··· DATA FOR THIS EXERCISE ···

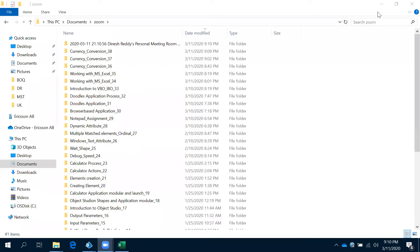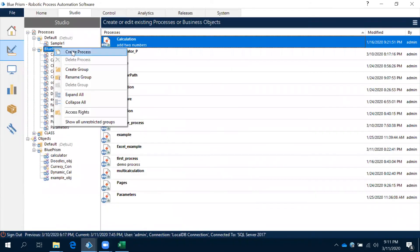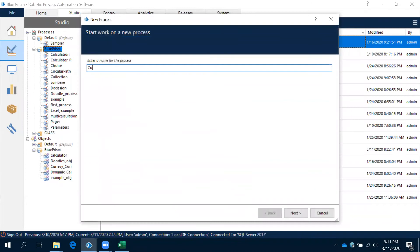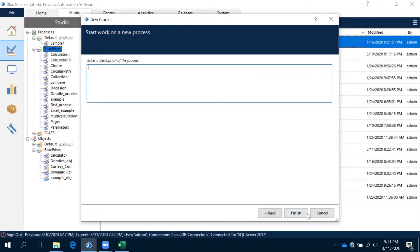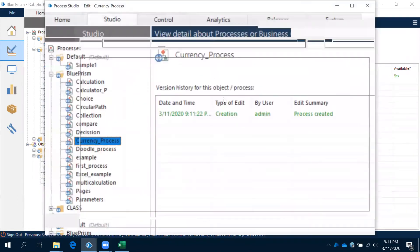Let's observe how to create a process for all the actions for this particular application. Now come to Blue Prism and let's create a new process for the currency process. All the actions we have already created, and we have to use them here.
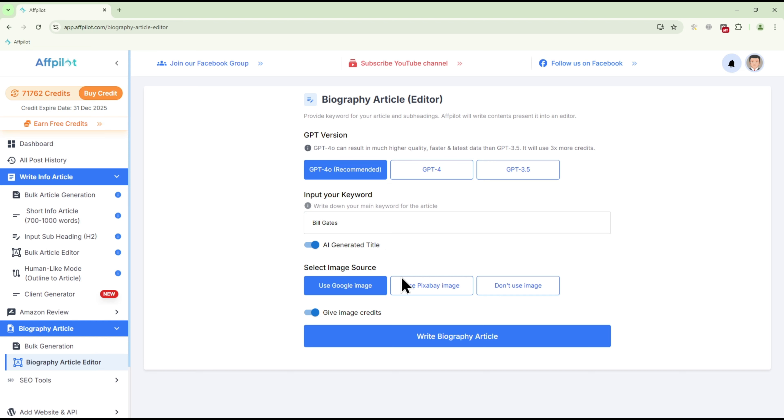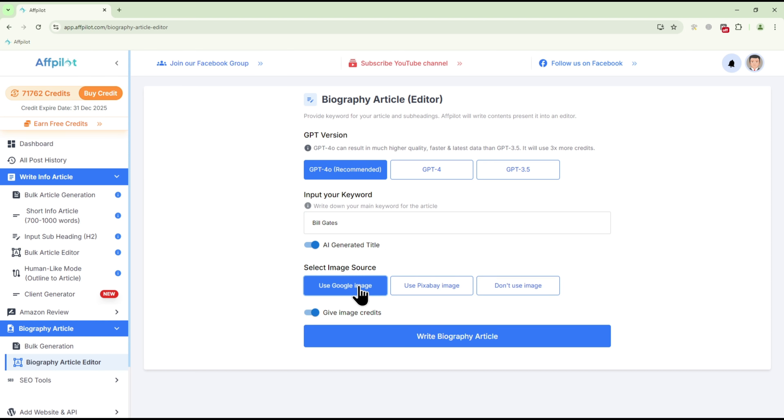Choose the source for images that will be included in your article. If you want to give credit for the images used, ensure the Give Image Credits option is turned on.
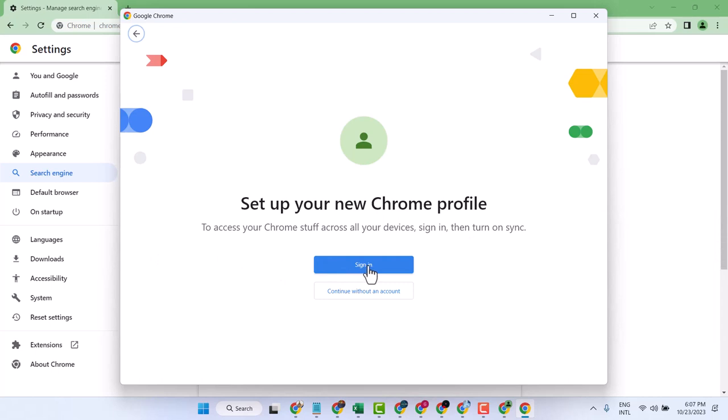You can also use it without an account. Click here to continue without an account.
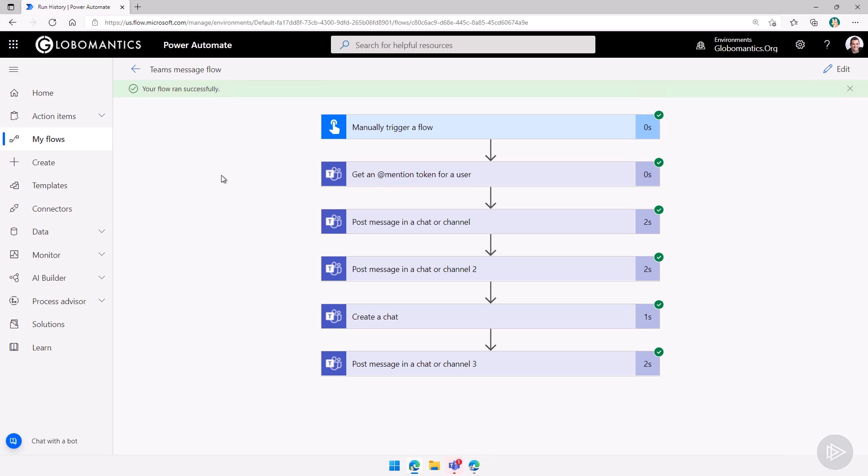Really, as more people spend time in teams, leveraging those functionality will really be appreciated by your users. And we're not done with Microsoft Teams features yet. Let's head back to the slides and learn about adaptive cards in Microsoft Teams.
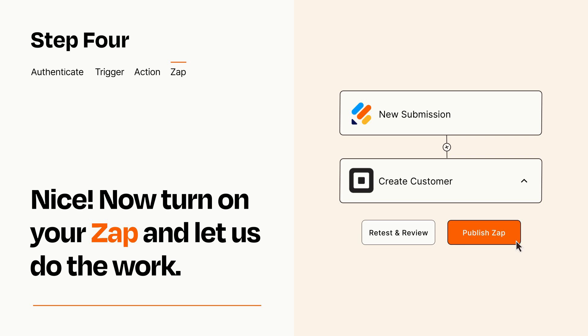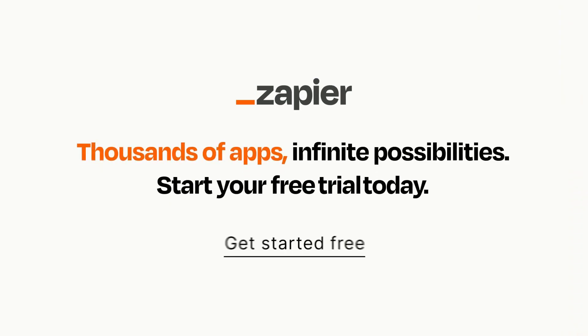Zapier can be as simple or as complex as you'd like and connects with thousands of apps, more than any other platform. Click on the link in the description for a free trial so you can make sure it works for you before you commit.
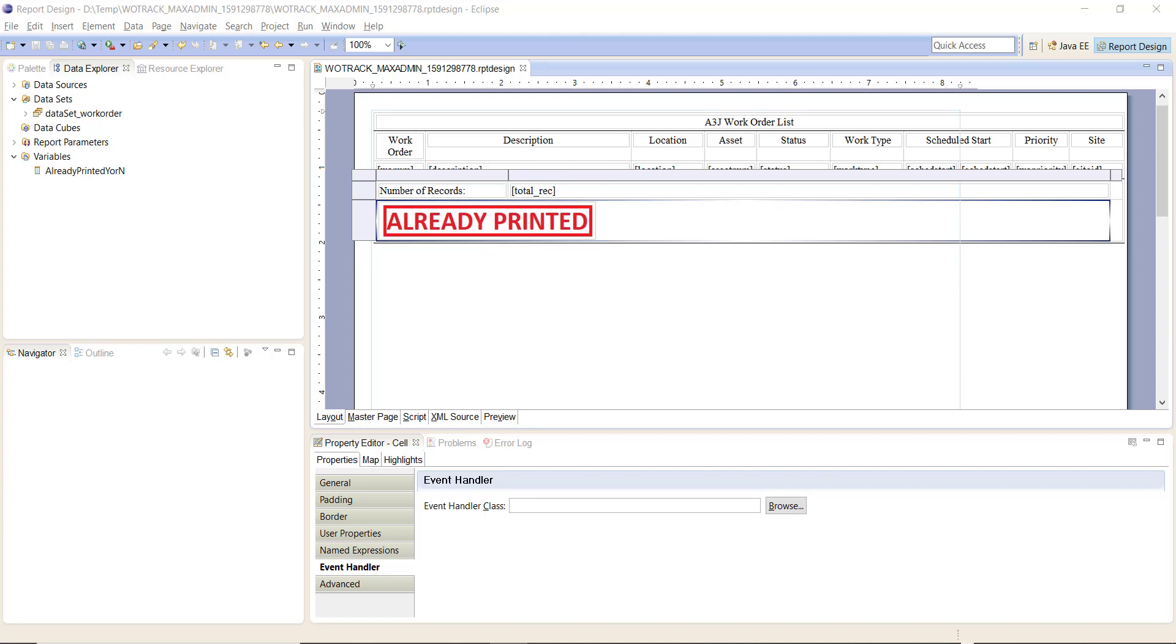In this video I would like to demonstrate updating your Maximo database with a BIRT report. Several of our clients have asked us to determine if a report had already been printed and also determine the number of times a report had been printed. It's a fairly simple exercise to determine that and I will walk you through the steps that I used to do it.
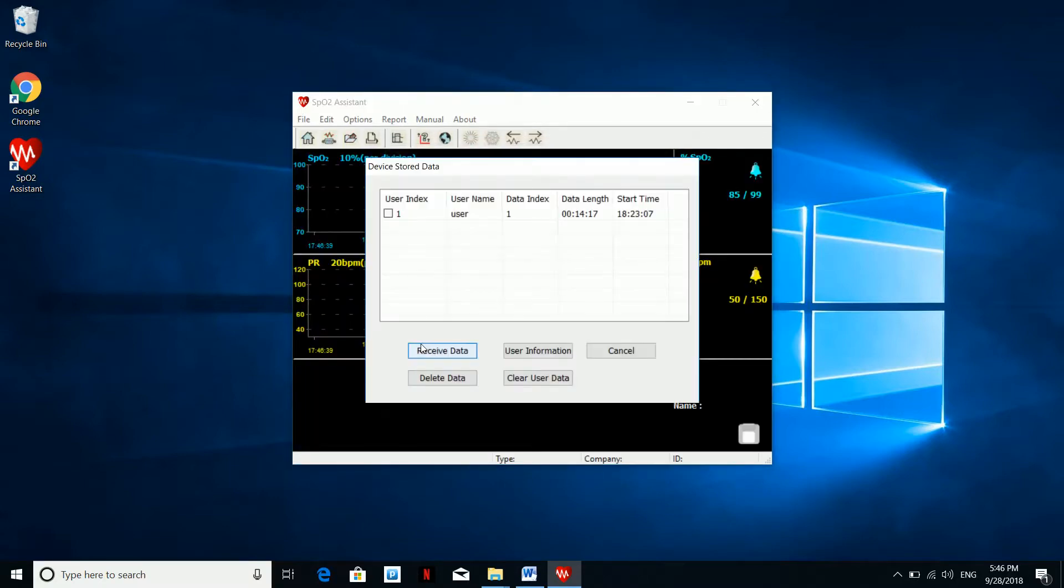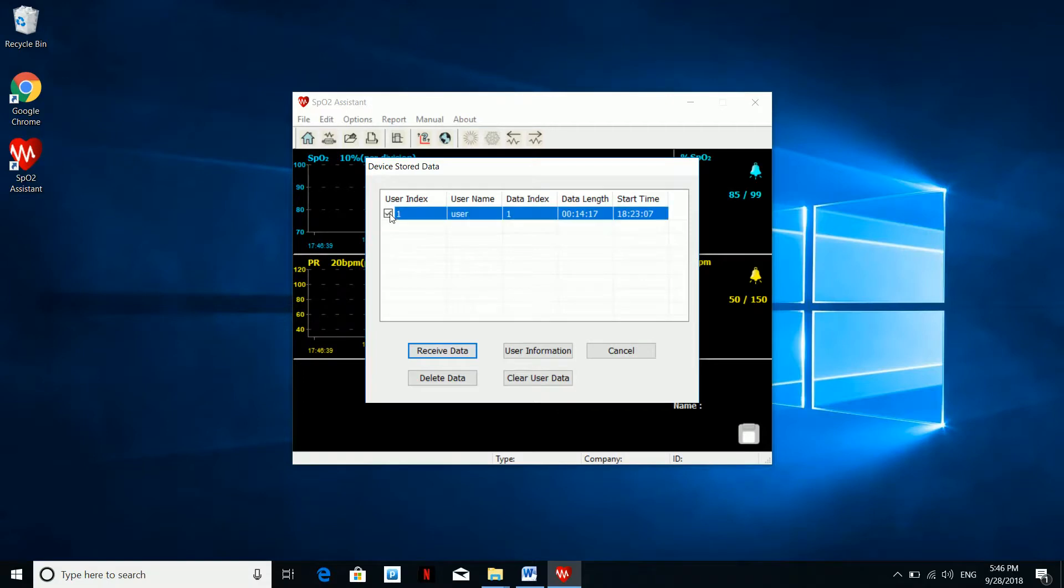The next window will automatically pop up showing the user name in the table. Make sure you select the user name by ticking the box. You can also see the recorded data, duration, and time it was recorded.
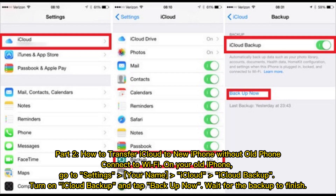Part 2: How to transfer iCloud to a new iPhone without the old phone. Connect to Wi-Fi on your old iPhone. Go to Settings, Your Name, iCloud, iCloud Backup. Turn on iCloud Backup and tap Backup Now. Wait for the backup to finish.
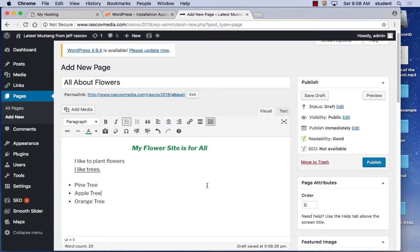You can do the same thing on WordPress.com. Just sign up for a free account. Note that the free version of WordPress.com has limitations — you can't use plugins — but all the basic things shown so far work on the free version.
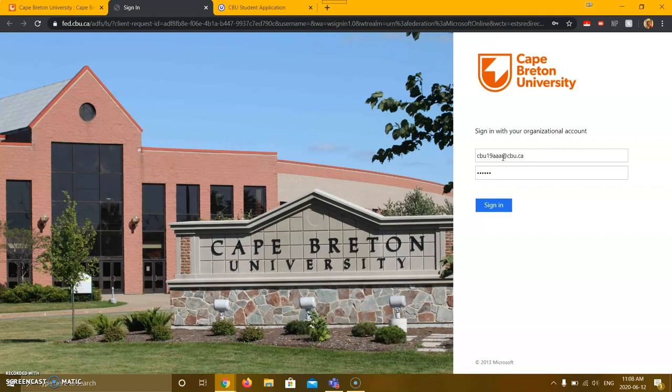If you are a new CBU student, the password is your date of birth in the order of year, month, and day, with two numbers for each. Please note, however, that it is important to change this password to something unique as soon as possible for security purposes.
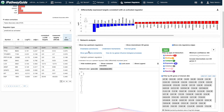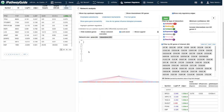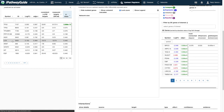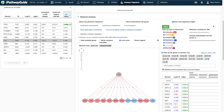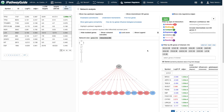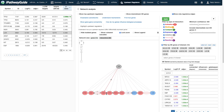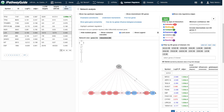In the Network Analysis section, there is a graphical representation of the selected regulator and its interactions with all downstream differentially expressed targets. All differentially expressed targets are shown, whether they are consistent or not with the type of regulation.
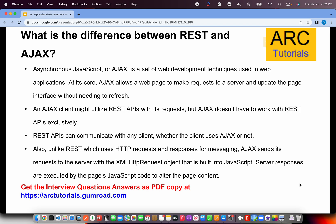There's also a question often asked to UI developers: what is the difference between REST and AJAX? AJAX stands for Asynchronous JavaScript, technically called the XML HTTP Request object. AJAX allows a web page to make a request to the server and update the page. When you make a request through AJAX, you might be utilizing a REST API. So REST is the API side, whereas AJAX is the client side making the request. AJAX sends the request to the server using the XML HTTP object, and the API being called is the REST API — think of AJAX as client-side and REST as the API that processes the request and gives the response back.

···

> **TASK STATEMENT**: Could you output the listing word for word, omitting every picture?

> **ANSWER TO THE EXERCISE**:
Let's observe how to create a process for all the actions for this particular application. Now come to Blue Prism and let's create a new process for the currency process. All the actions we have already created, and we have to use them here.
Choose the source for images that will be included in your article. If you want to give credit for the images used, ensure the Give Image Credits option is turned on.
You can also use it without an account. Click here to continue without an account.
Really, as more people spend time in teams, leveraging those functionality will really be appreciated by your users. And we're not done with Microsoft Teams features yet. Let's head back to the slides and learn about adaptive cards in Microsoft Teams.
Zapier can be as simple or as complex as you'd like and connects with thousands of apps, more than any other platform. Click on the link in the description for a free trial so you can make sure it works for you before you commit.
In this video I would like to demonstrate updating your Maximo database with a BIRT report. Several of our clients have asked us to determine if a report had already been printed and also determine the number of times a report had been printed. It's a fairly simple exercise to determine that and I will walk you through the steps that I used to do it.
The next window will automatically pop up showing the user name in the table. Make sure you select the user name by ticking the box. You can also see the recorded data, duration, and time it was recorded.
Part 2: How to transfer iCloud to a new iPhone without the old phone. Connect to Wi-Fi on your old iPhone. Go to Settings, Your Name, iCloud, iCloud Backup. Turn on iCloud Backup and tap Backup Now. Wait for the backup to finish.
You can do the same thing on WordPress.com. Just sign up for a free account. Note that the free version of WordPress.com has limitations — you can't use plugins — but all the basic things shown so far work on the free version.
If you are a new CBU student, the password is your date of birth in the order of year, month, and day, with two numbers for each. Please note, however, that it is important to change this password to something unique as soon as possible for security purposes.
In the Network Analysis section, there is a graphical representation of the selected regulator and its interactions with all downstream differentially expressed targets. All differentially expressed targets are shown, whether they are consistent or not with the type of regulation.
There's also a question often asked to UI developers: what is the difference between REST and AJAX? AJAX stands for Asynchronous JavaScript, technically called the XML HTTP Request object. AJAX allows a web page to make a request to the server and update the page. When you make a request through AJAX, you might be utilizing a REST API. So REST is the API side, whereas AJAX is the client side making the request. AJAX sends the request to the server using the XML HTTP object, and the API being called is the REST API — think of AJAX as client-side and REST as the API that processes the request and gives the response back.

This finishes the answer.